2. Специфика проявления материалистической традиции в английской философии XVII века.
3. Основные черты философии периода французского Просвещения?
4. Особенность философского наследия Декарта.
5. В чем новизна «монадологии» Лейбница, как новой формы идеализма?
6. Почему философия Беркли определяется как солипсизм?
7. Почему Юма можно назвать родоначальником скептицизма и агностицизма в философии Нового времени?
Тема 15
Европейская философия нового времени (XIX в.)
XIX век – время обобщения теоретических исканий эпохи «царства разума»
Социально-политические процессы периода XIX века знаменательны не только для истории Европы, но и для всего мира.
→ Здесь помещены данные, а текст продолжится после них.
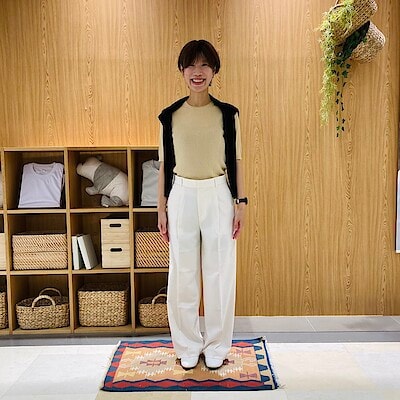 【イオン秦野】　身長170cm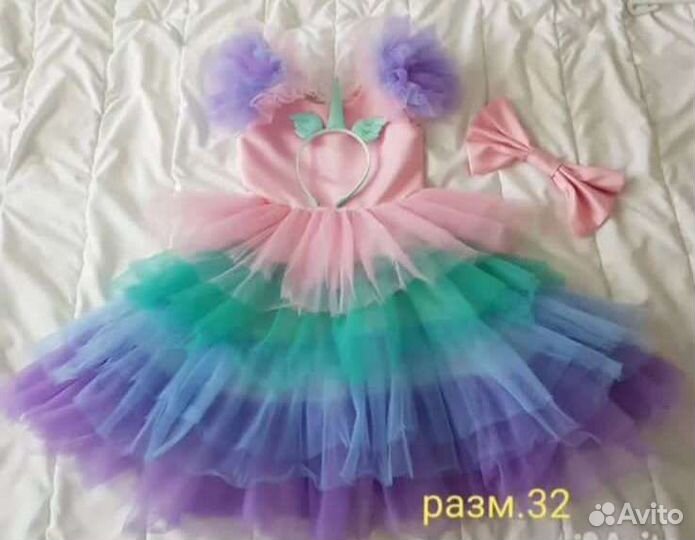 День рождение Единорожка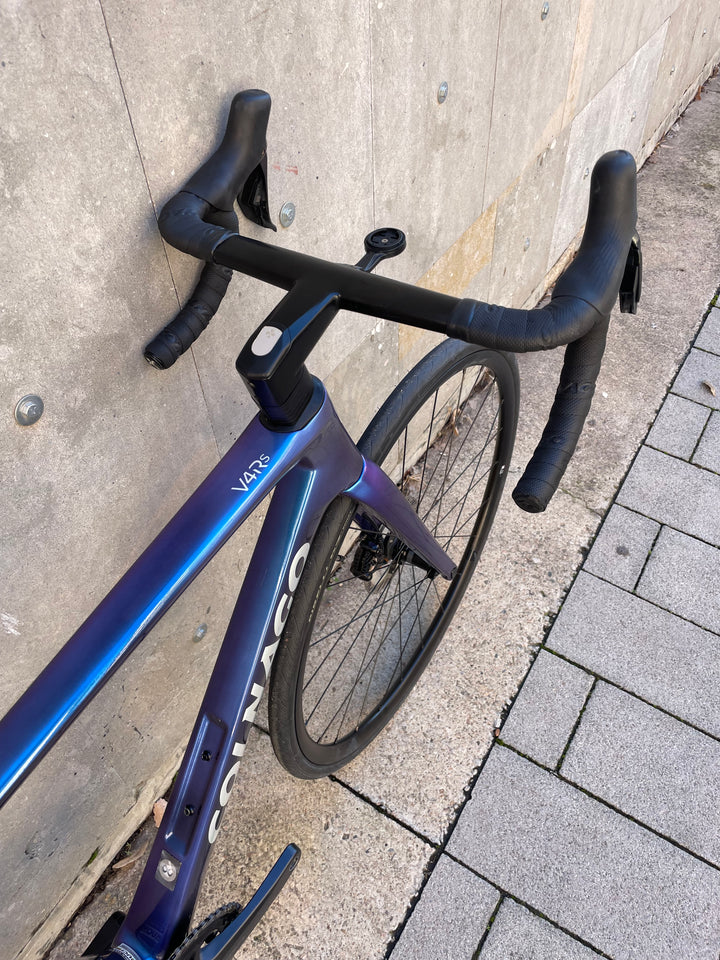 Colnago V4RS Road Bike (Shimano Ultegra Di2) Ex Demo 2022 Size 485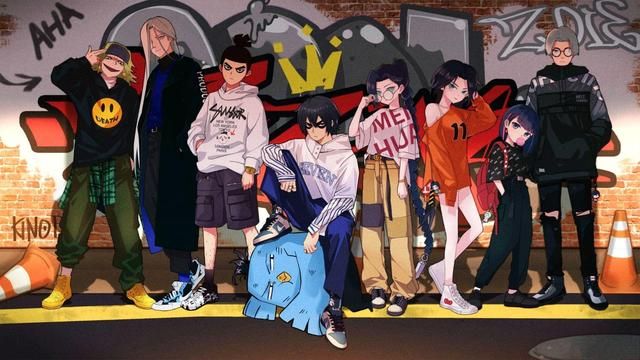 青凤|刺客伍六七:七大暗影刺客排名,“柒”最强实至名归!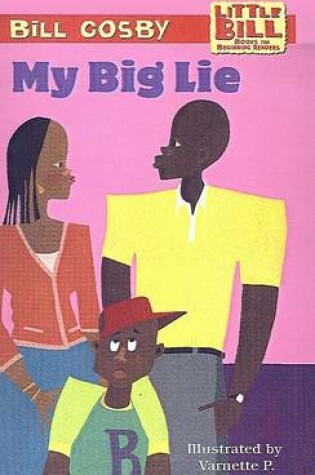 Cover of My Big Lie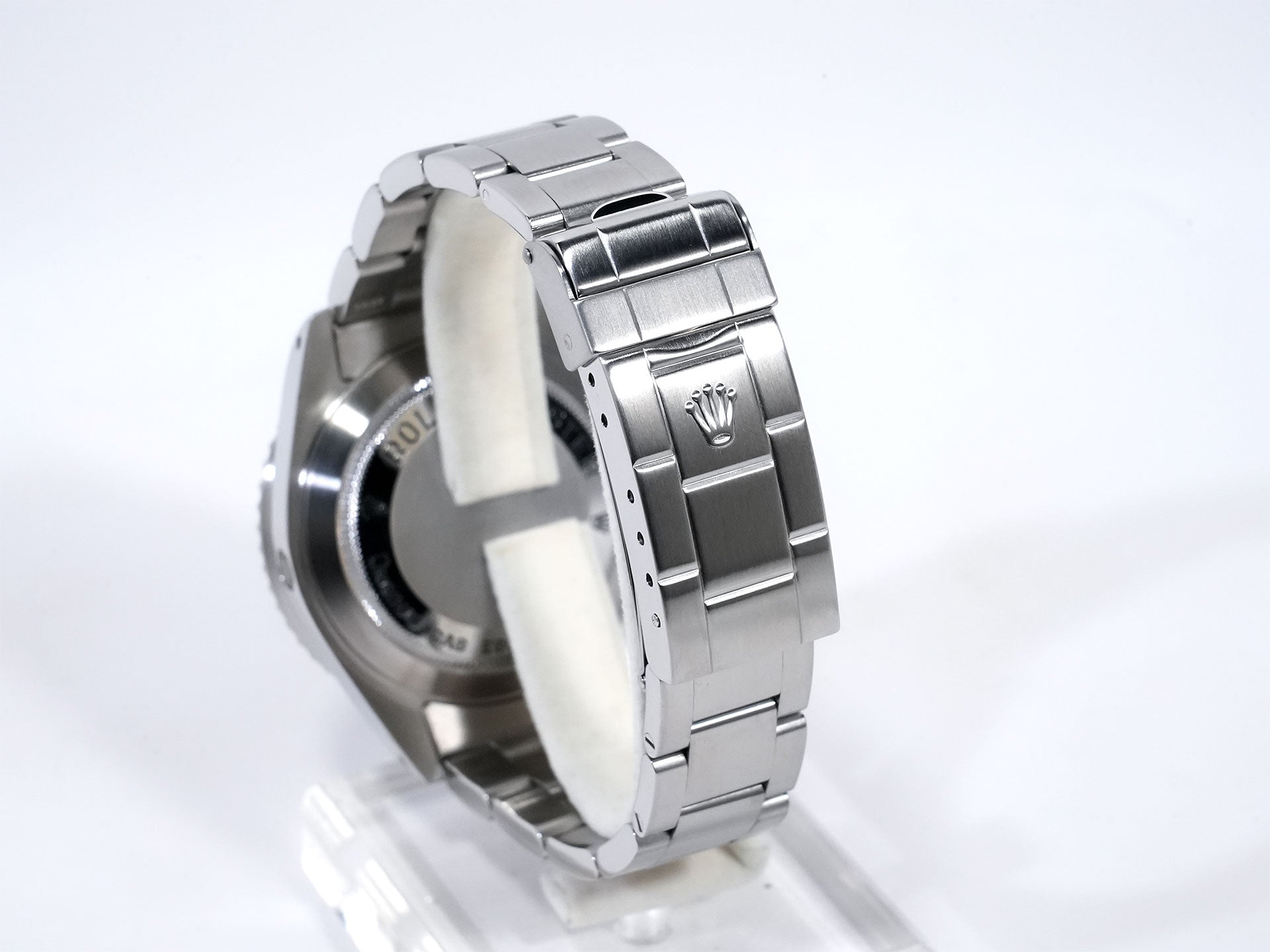 ロレックス シードゥエラー Ref.16600 ステンレススチール ブラック文字盤 美中古 c7feyx5z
Созрела глобальная цивилизация, когда европейцы, европейская культура оказывали свое влияние на все континенты. На земном шаре больше не осталось углов, куда не ступала бы нога христианского миссионера, исследователя-натуралиста, представителя промышленных или торговых компаний. Сотни и тысячи солдат «цивилизованной» Европы расползлись по всему миру, расширяя владения «своих» территорий. Англия за счет захваченных колоний и полуколоний превращается в Великобританию; французскими владениями делаются страны севера Африканского континента, часть Индокитая; молодые Соединенные Штаты теснят владения Испании и Англии; Россия устремила свои взоры на «ближнее зарубежье»: Балканы, Кавказ, Среднюю Азию, упершись в конце концов в Японию и Китай.
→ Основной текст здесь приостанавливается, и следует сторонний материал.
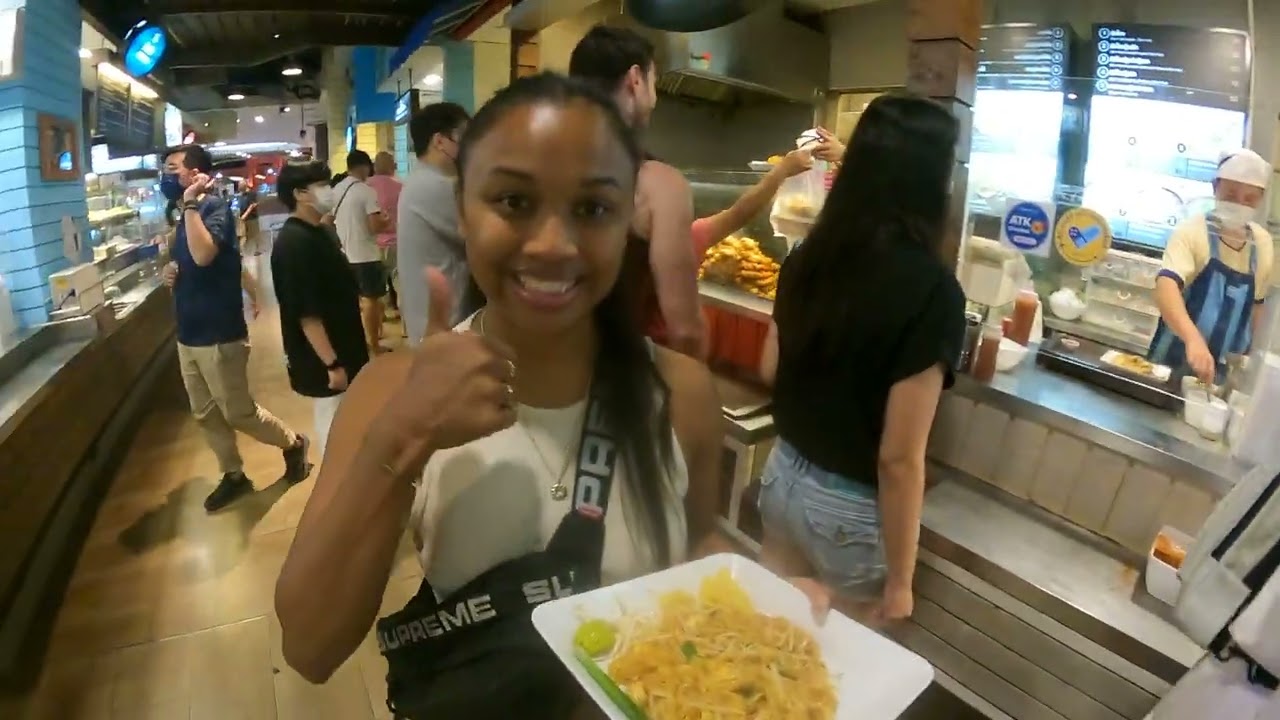 #3 #Bangkok Biggest Malls - MBK Terminal 21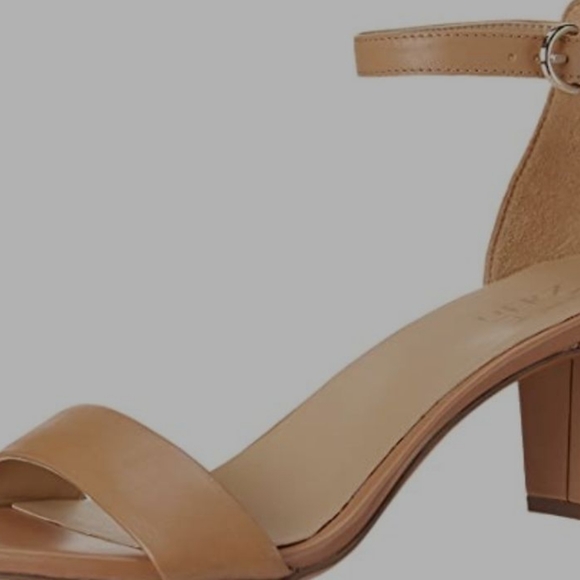 SIZE 10W Naturalizer Women's Vera Sandal - Picture 1 of 5
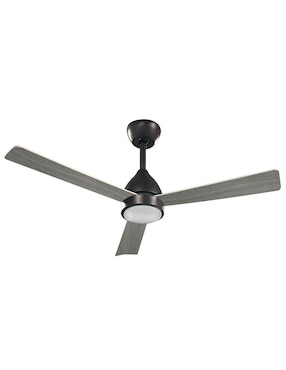 Ventilador De Techo Beckon Con Control Remoto 6 Velocidades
В XIX веке столкнулись две цивилизации разных социальных уровней: буржуазная с добуржуазными социально-экономическими укладами; владеющие нарезным оружием армии – с быстроногими лучниками первобытных культур; знатоки Шекспира и Библии – с носителями шаманских представлений. Так утверждалась цивилизация XIX века – века романтического и кровавого одновременно. Ожидаемое ранее всеобщее «царство разума» с его бессмертными лозунгами «свобода», «равенство», «братство» оказалось «унесенным ветром». Наступило царство динамичного общежития, когда создавались и рушились миллионные состояния, перемешивались языки и народы, шла гигантская интернационализация культур. Авантюризм и предприимчивость, безжалостная конкуренция лиц и целых народов становятся нормой общежития, превратив в историю гуманистические устремления мыслителей прошлого. На место ожидаемой ранее «свободы личности» пришла «свобода капитала» со всеми его последствиями.
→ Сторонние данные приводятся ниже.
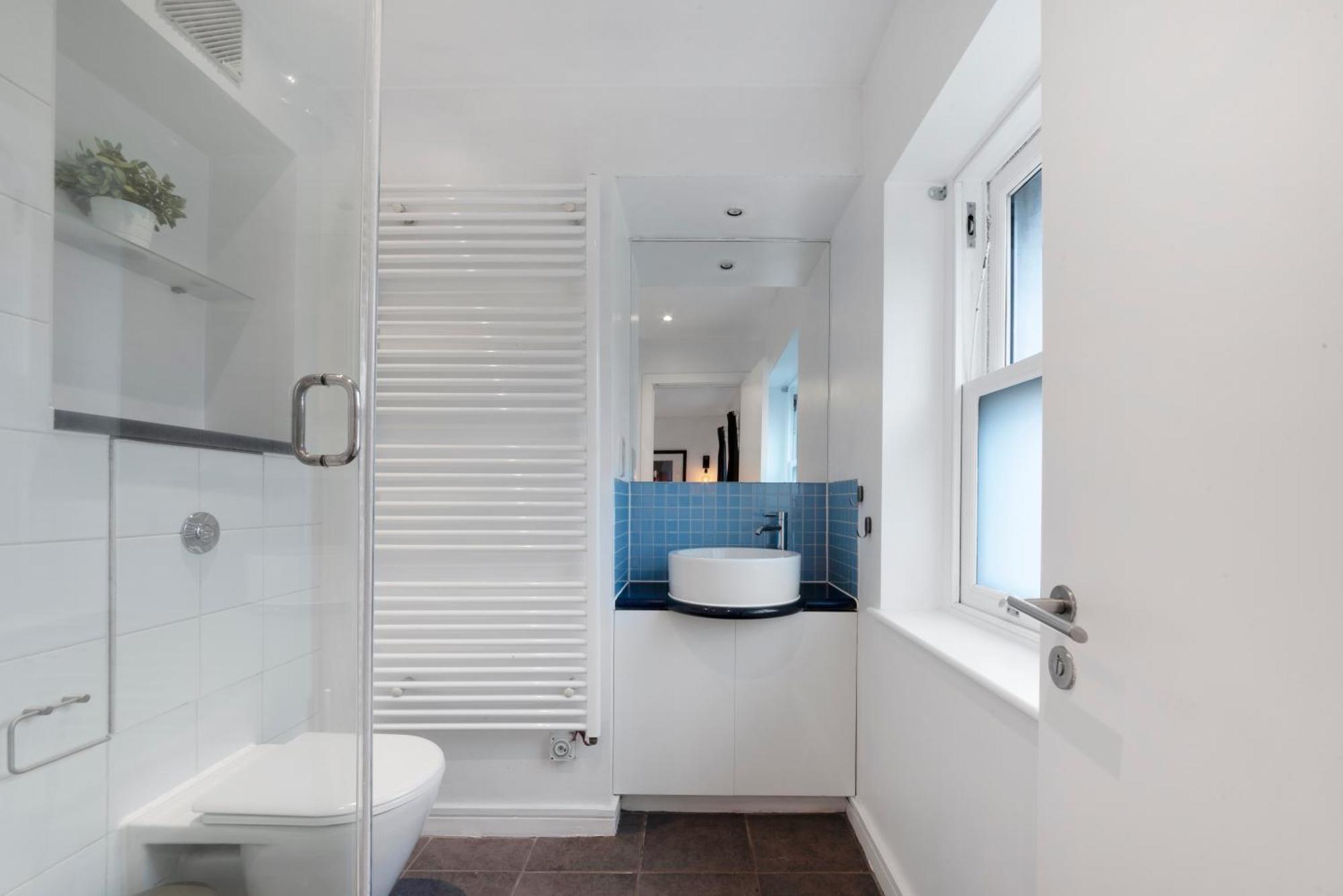 King's Cross Penthouse By Morethanstays * Londres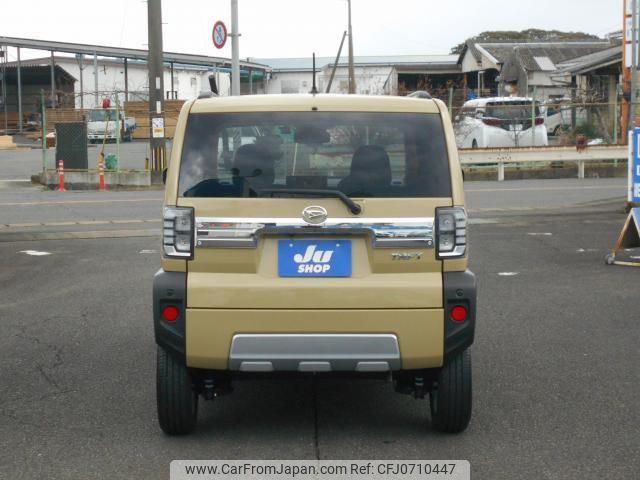 daihatsu taft 2023 quick_quick_5BA-LA900S_LA900S-0127836 image 2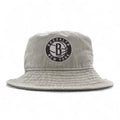 NEW ERA Cappello alla pescatora M/L Beige NBA BROOKLYN NETS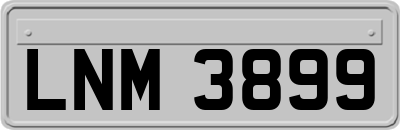 LNM3899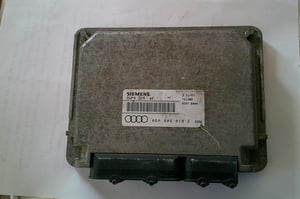 AUDI A3 8L STEROWNIK SILNIKA 06A906019E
Этот процесс не мог не затронуть философию. Новая эпоха создала новую социально-политическую и духовную реальность, которая требовала своего осмысления. Сформировавшееся естествознание раскрыло новые закономерности бытия, а бурные социальные процессы заставили философов по-новому взглянуть на историю и человека, в котором все ярче проступали наружу не только его биофизиологическая природа, но и социальные признаки.
На духовную историю Европы XIX века наложила колорит Великая Французская революция, вознесшая на «олимп» власти и славы французского капрала Наполеона Бонапарта, умершего в изгнании на далеком острове Святой Елены в 1821 году, но за десятилетний период своего господства сумевшего потрясти феодально-монархическую Европу от Мадрида до Москвы (с «заездом» в Рим). В философии к традиционным её проблемам (онтология и гносеология) прибавились проблемы философии истории и её законов (если таковые имеются), рассмотрение роли духовности индивида и общества; требовалось осмысление новой картины мира, открываемой естествознанием. Если XVII век в истории философской мысли можно назвать «английским», а XVIII – «французским», то XIX век заслуживает название века торжества немецкой философии. Центром внимания в немецкой философии становится человеческая духовность, а в ходе ее рассмотрения философы выходили на онтологические, гносеологические и социальные проблемы, на анализ общечеловеческой истории. «Я есть путь, и истина, и жизнь» – эта евангельская истина словно вошла в сознание философов XIX века, поскольку все философские искания теоретиков, казалось бы, разных направлений были пропитаны духом антропологизма: мысли вращались вокруг человека, его предназначения, его роли во всемирной драме бытия, местом действия которой оказалась рядовая планета Солнечной системы – Земля.